When considering plagiarism, it is necessary to conduct a complex evaluation of the text. It is definitely not possible to work just with similarity percentages and conclude that a certain work is plagiarised on the basis of one number. Especially when it comes to final theses, it may happen that several students are working on the same or similar topics (e.g., they are analysing the same problem in a laboratory using identical methods, but applying different formulae; they are mapping different territories using identical methods; they are using the same software which describes and shows the chosen methodology, but for different tasks). It is evident that in such theses, a higher rate of similarity will be detected in the methodology sections. Students will write the text using their own words, but they cannot avoid using identical technical terminology. The teacher must examine this and comment on the similarity in his or her reviews.

Procedure when plagiarism is detected

In the case where a high rate of similarity with the original source is detected, and the source is not cited correctly (thus meeting the definition of plagiarism), it is necessary to thoroughly substantiate this fact in the review. The teacher and subsequently the defence committee must express their opinion during the defence as to whether or not the case is one of apparent intentional disregard for rules of integrity. A teacher evaluating a seminar paper must take into account the fact that by writing texts, a student is learning not only about the topic, but also the skill of academic writing. When assessing a transgression, the marker will consider an unintentional omission in a seminar paper differently than the same mistake in a master’s thesis.
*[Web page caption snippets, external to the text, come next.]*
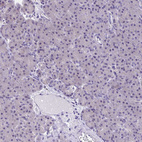 Anti-SLC12A3 Antibody
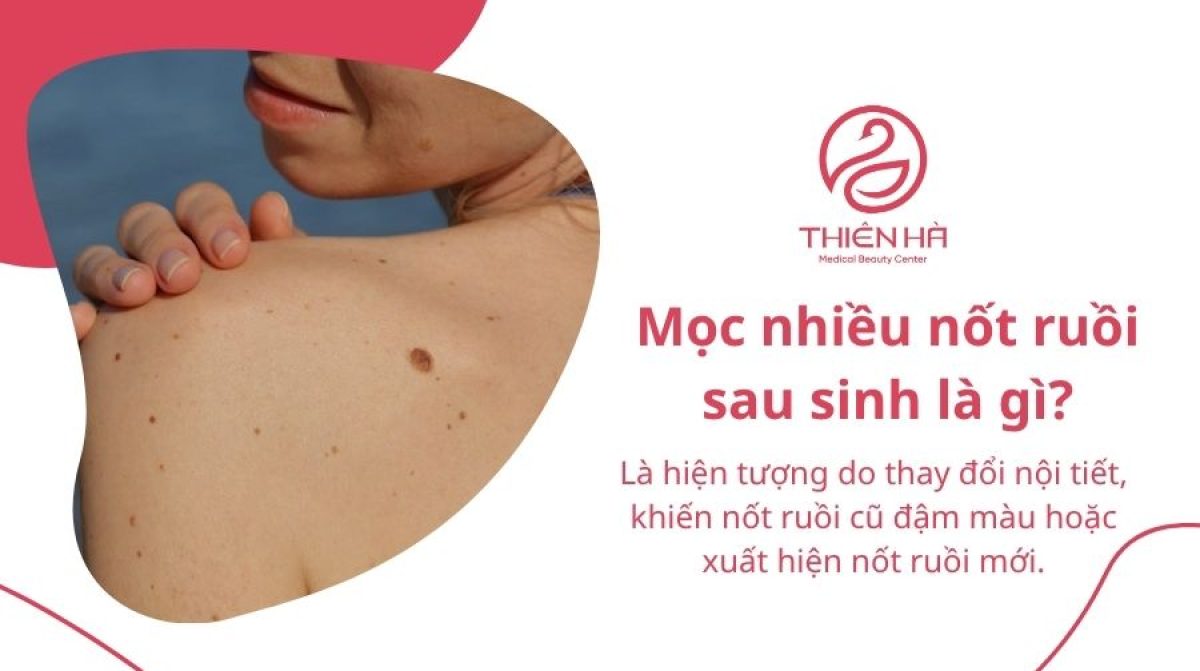 Mọc nhiều nốt ruồi sau sinh: Nguyên nhân và cách xử lý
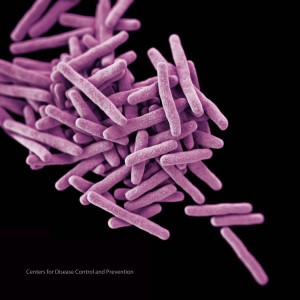 tuberkulosis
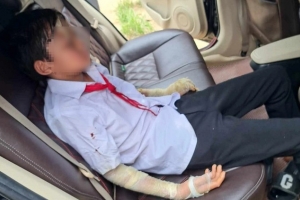 Nổ bóng bay trong ngày khai giảng, 7 học sinh phải nhập viện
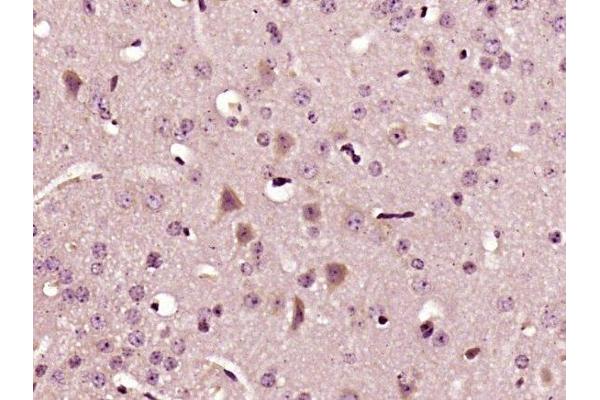 IL-22 antibody  (AA 35-179)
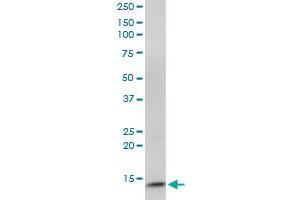 CIDEC monoclonal antibody (M07), clone 2E2. (CIDEC anticorps  (AA 53-141))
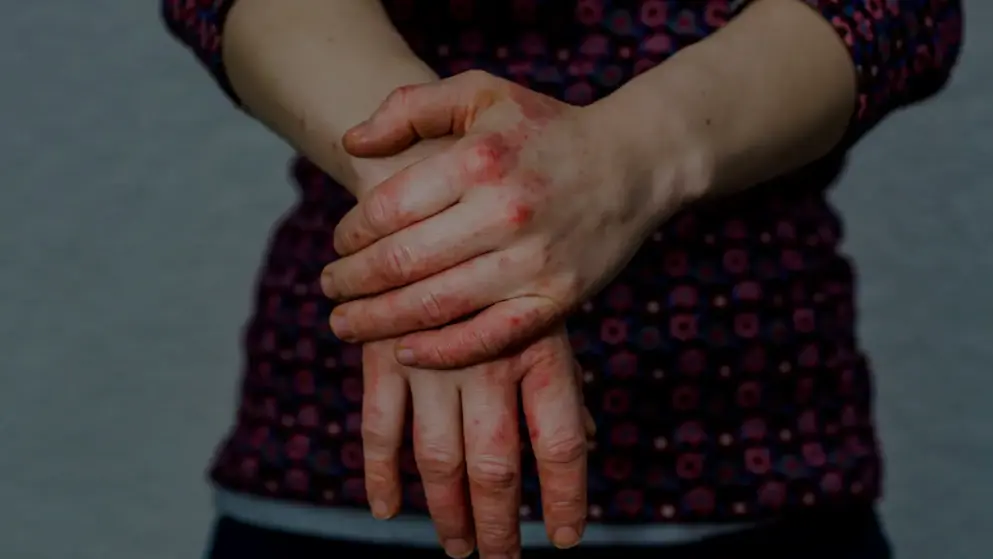 Hands with atopic dermatitis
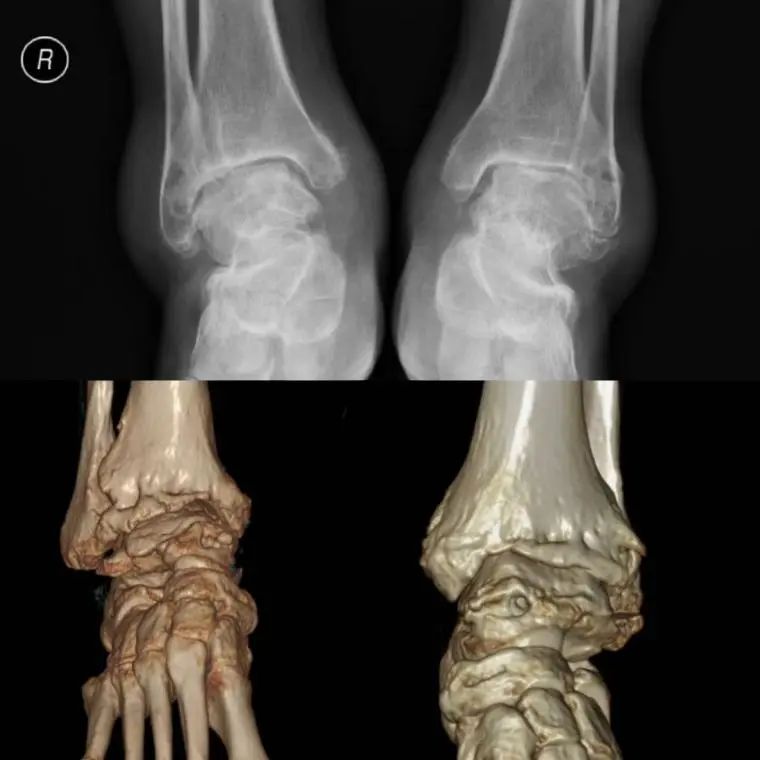 十余年寸步难行！川南首例“黑科技”踝关节置换术，让患者双踝重生！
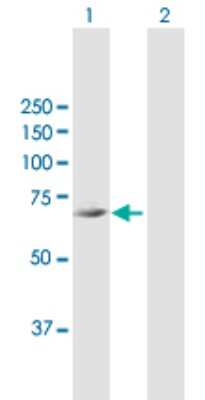 Western Blot: FLJ21963 Antibody [H00079611-B01P]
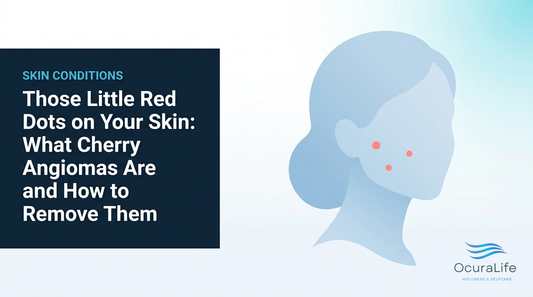 Those Little Red Dots on Your Skin: What Cherry Angiomas Are and How to Remove Them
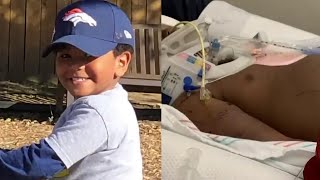 Family Pit Bull destroyed child's face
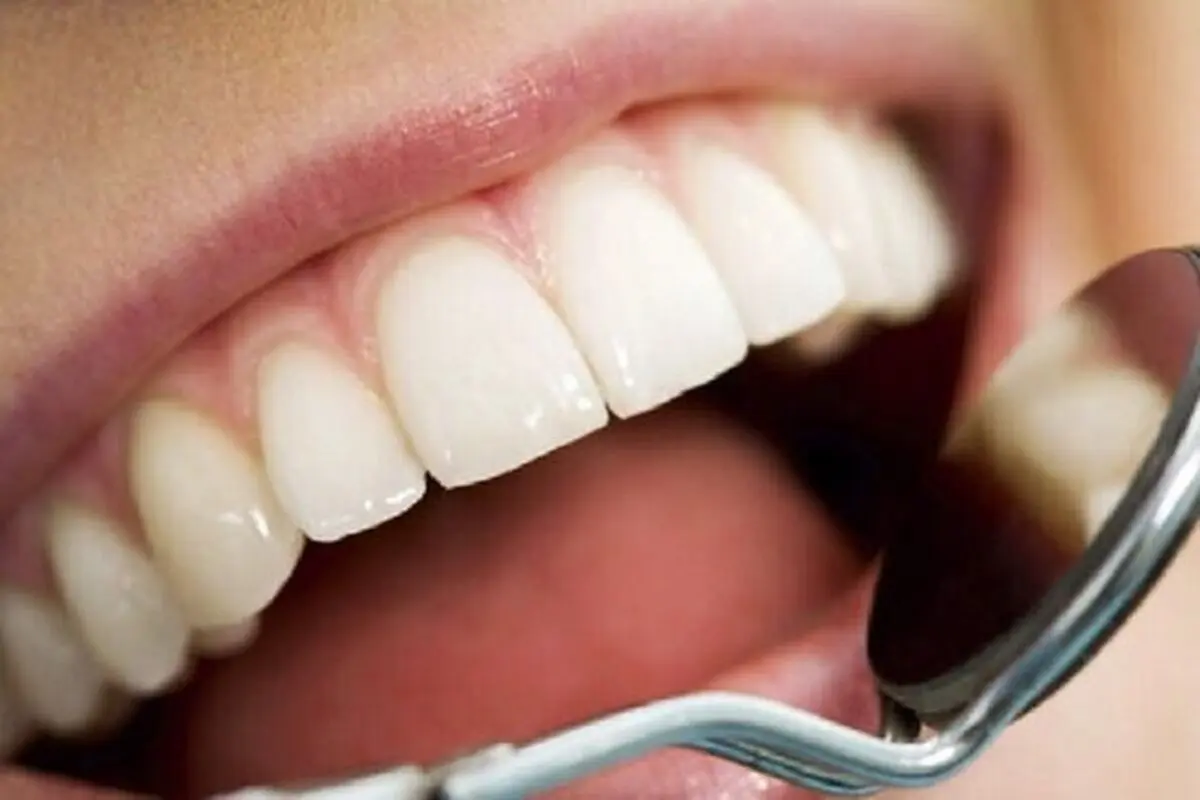 افزایش شیوع سرطان دهان با استعمال دخانیات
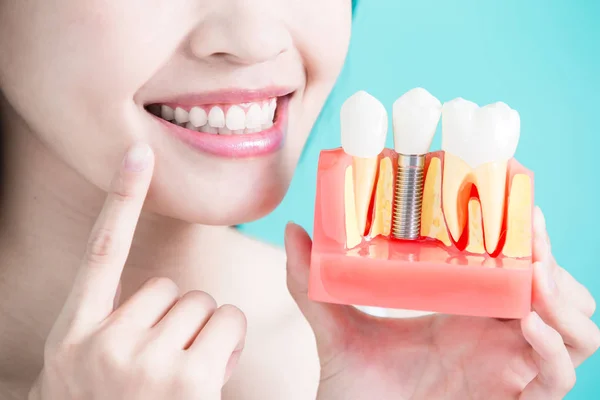 Kobieta trzyma modelu implantu zęba — Zdjęcie stockowe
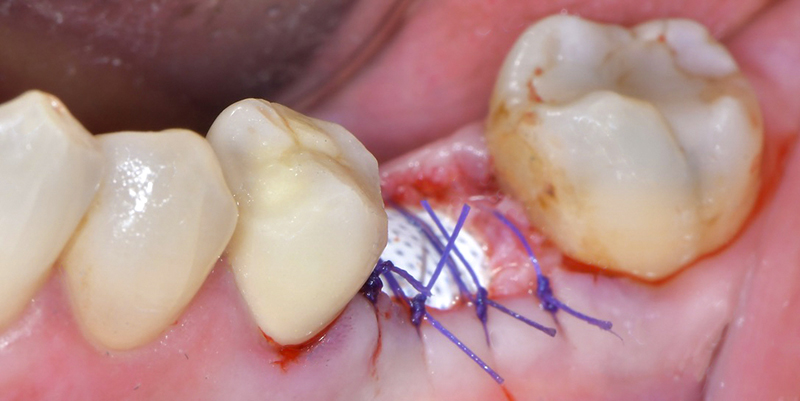 Contourner greffe osseuse, préservation alvéolaire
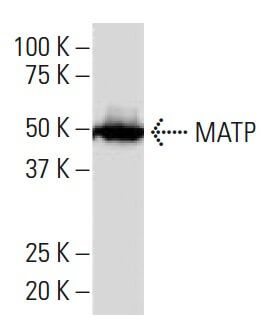 MATP Antibody (7K-2) | SCBT - Santa Cruz Biotechnology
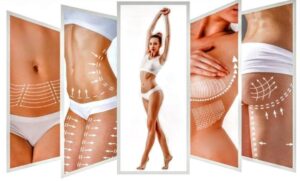 Body Contouring Treatment in Islamabad
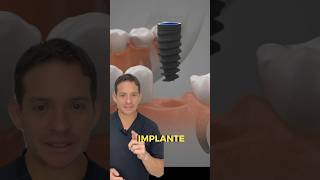 IMPLANTE DENTAL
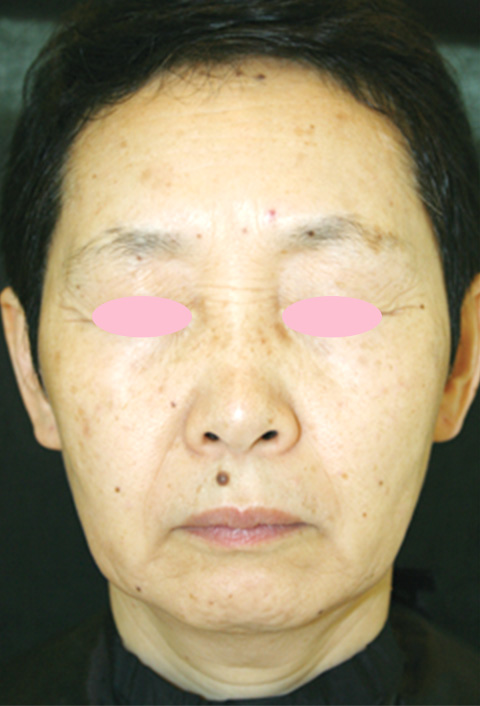 フォトフェイシャルM22,フォトフェイシャルM22 で顔全体を治療された女性の症例,Before,ba_rf_06_b.jpg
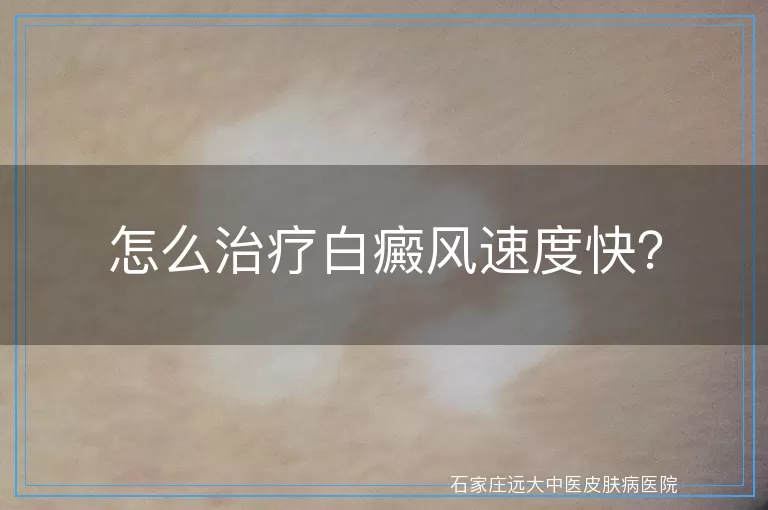 怎么治疗白癜风速度快？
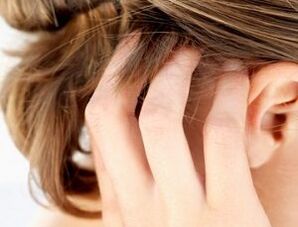 Anzeichen und Symptome von Psoriasis auf der Kopfhaut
In the case of a systematic breach of rules for working with sources, and of a student’s apparent intention to present someone else’s ideas as his or her own, it is not possible to be lenient. The procedure for detected plagiarism is discussed in detail in chapter 6.

In the majority of the cases publicised in the media, plagiarism was only suspected several years after the work was written – when the work or the plagiarised text were published, when a new antiplagiarism tool was used, or when the discrepancies were noted by another researcher pursuing a similar topic. For people who are active in the public sphere, the initiative for a second evaluation of a final thesis usually comes from journalists. It is fully justified to require moral integrity from people who participate in the leadership of institutions or, for example, make decisions about the use of financial resources. It is appropriate to warn students who are writing their paper or creating an artwork about the potential consequences, so that in ten or twenty years they are not accused of plagiarism, which could end their career prematurely.

  1. Foltýnek, T. Vědecký smrtelný hřích. Plagiátorství: příčiny, důsledky, prevence. Dějiny a současnost, 2019, 8, 10–12.
  2. Foltýnek, T., Dlabolová, D., Anohina-Naumeca, A., Razi, S., Kravjar, J., Kamzola, L., Guerrero-Dib, J., Çelik, Ö., Weber-Wulff, D. Testing of Support Tools for Plagiarism Detection. International Journal of Educational Technology in Higher Education, 2020, 17:46. DOI: 10.1186/s41239-020-00192-4.